In order to allow exhaustive pattern matching (more on this later), a tag is represented as enum
:
typedef enum <datatype-name>Tag {
<variant-name>0Tag, ..., <variant-name>NTag
} <datatype-name>Tag;
At least one variant must be specified in datatype
, so this enumeration will never be empty.
Finalising a tagged union definition:
struct <datatype-name> {
<datatype-name>Tag tag;
<datatype-name>Variants data;
};
Now it can be used as any other manually written tagged union.
Value constructors
A value constructor is an inline static
function which constructs a variant instance. Each variant has its own value constructor.
inline static <datatype-name> <variant-name>(...) {
<datatype-name> result;
result.tag = <variant-name>Tag;
result.data.dummy = '\0';
{
result.data.<variant-name>._0 = _0;
...
result.data.<variant-name>._N = _N;
}
return result;
}
(We set result.data.dummy
to '\0'
even if no variant payload is present, so that .dummy
is always initialised.)
Contrary to manual initialisation (a.k.a. {.tag = A, .data.A = { ... }}
), a value constructor is
- More convenient to use.
- Safer: it automatically injects a corresponding tag, protecting a user from invalid combinations of tag + data.
Pattern matching
This is the most interesting part. Pattern matching is described by the following form:
match(val) {
of(<variant-name>0, ...) <stmt>
...
of(<variant-name>N, ...) <stmt>
}
How this can be implemented? The key idea is to use statement prefixes. They were first introduced by Simon Tatham in his Metaprogramming Custom Control Structures in C.
So what is actually a statement prefix? It is any C language construction that must precede a C statement. Here are some examples: if (...)
, for (...)
, while (...)
, if (...) <stmt> else
, a label, or a combination thereof. Moreover, a statement prefix together with a statement afterwards results in a single C statement. From my experience, for (...)
is the most flexible one so we are going to use it to implement match
& of
.
Let's start with match(val)
.
match
All of
clauses must be able to access the provided value, therefore we must store it somewhere beforehand. We cannot just define it as usual: void *datatype99_priv_matched_val = (void *)&(val);
because
- The whole
match
construction needs to be a single C statement, according to Datatype99's grammar. - If two
match
constructions in the same lexical scope outputdatatype99_priv_matched_val
, compilation will fail.
How can we overcome this? The following pattern will help:
for (void *datatype99_priv_matched_val = ((void *)&(val));
datatype99_priv_matched_val != (void *)0;
datatype99_priv_matched_val = (void *)0)
(datatype99_priv_matched_val
is named in such a way to respect macro hygiene, i.e. not to conflict with user-defined variables.)
This single-iteration loop is a statement prefix.
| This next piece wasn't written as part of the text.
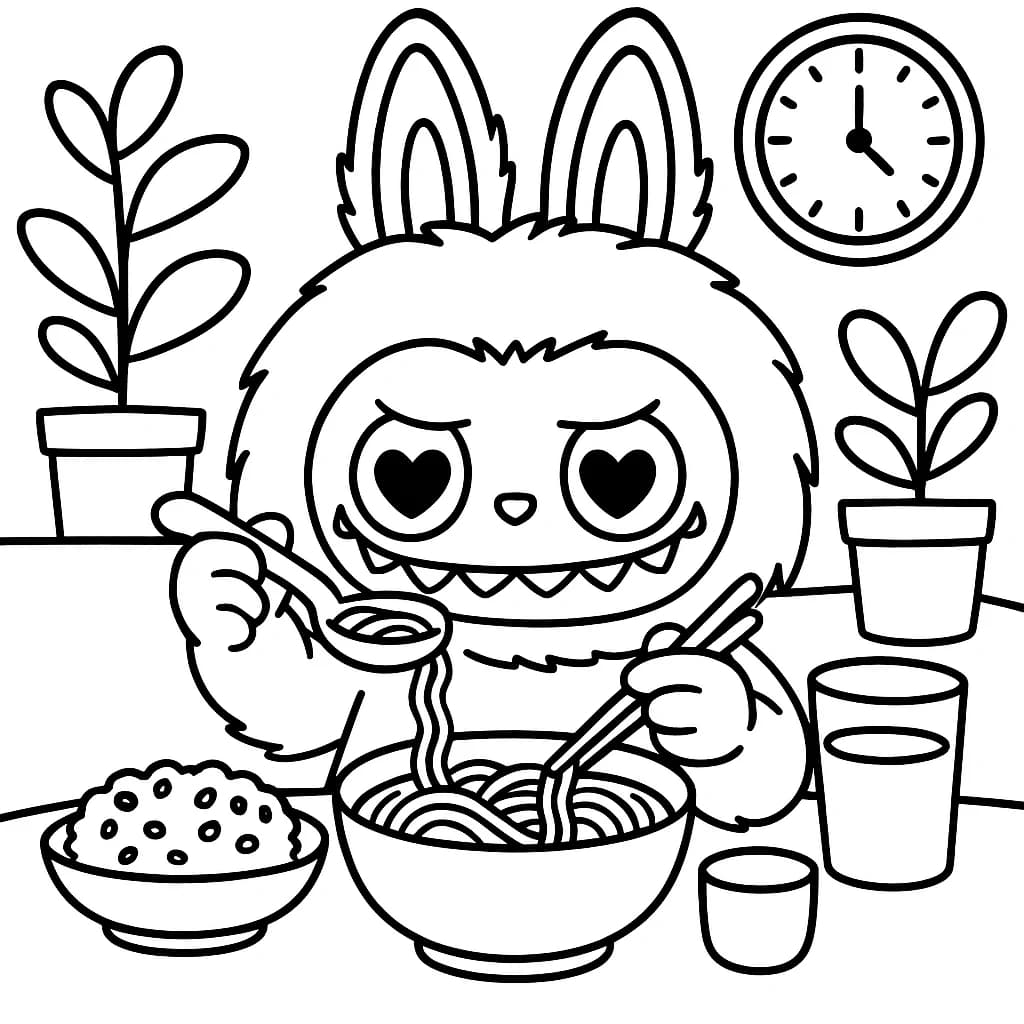 Desenhos de Labubu para Imprimir e Colorir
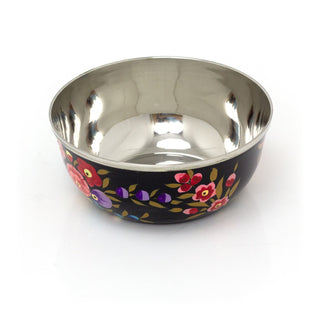 Hand Painted Black Enamelware Bowl | Round Snack Bowl Dip Bowl Vanity Bowl | Stainless Steel Trinket Dish Key Bowl Jewellery Dish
In order to avoid name clashes, it opens a new lexical scope and introduces datatype99_priv_matched_val
into it. After it, we put switch
:
switch ((val).tag)
After this switch
, a user will specify a number of braced of
clauses, thus completing the initial statement prefix for (...)
.
match(val)
is done. Let's move on to of
.
of
Logically, one of
branch must boil down to one case
branch, but think about break
: it cannot be put after a user-provided statement <stmt>
following of
because our macro just has not got access to this piece of code. Instead, we put it before <stmt>
! Thus, instead of
switch(...) {
case A: <stmt> break;
case B: <stmt> break;
case C: <stmt> break;
}
we generate
switch(...) {
break; case A: <stmt>
break; case B: <stmt>
break; case C: <stmt>
}
- The first
break
does nothing: the control flow will never reach it. - The last
break
is absent: the control flow will nonetheless fall into the next instruction afterswitch(...)
.
Now the bindings need to be generated somehow (i.e. variable names provided to of
). All the information we have in of
is
- the variant name
<variant-name>
, - a list of bindings,
- the matched value
datatype99_priv_matched_val
.
Each binding must
- Boil down to a variable definition.
- Be initialised to a corresponding variant argument taken from
datatype99_priv_matched_val
.
For this to happen, we need to
- Deduce the type of each binding.
- Deduce the previously erased type of
datatype99_priv_matched_val
.
Type deduction
Hopefully, all the types are already known to us at the stage of datatype
generation. The trick is to typedef
them appropriately:
To deduce the type of the Ith binding, we can take the provided
<variant-name>
and concatenate it with_I
, thereby obtaining a type alias to the corresponding parameter type.To deduce the type of
datatype99_priv_matched_val
, we can take the provided<variant-name>
and concatenate it withSumT
, thereby obtaining a type alias to the outer sum type.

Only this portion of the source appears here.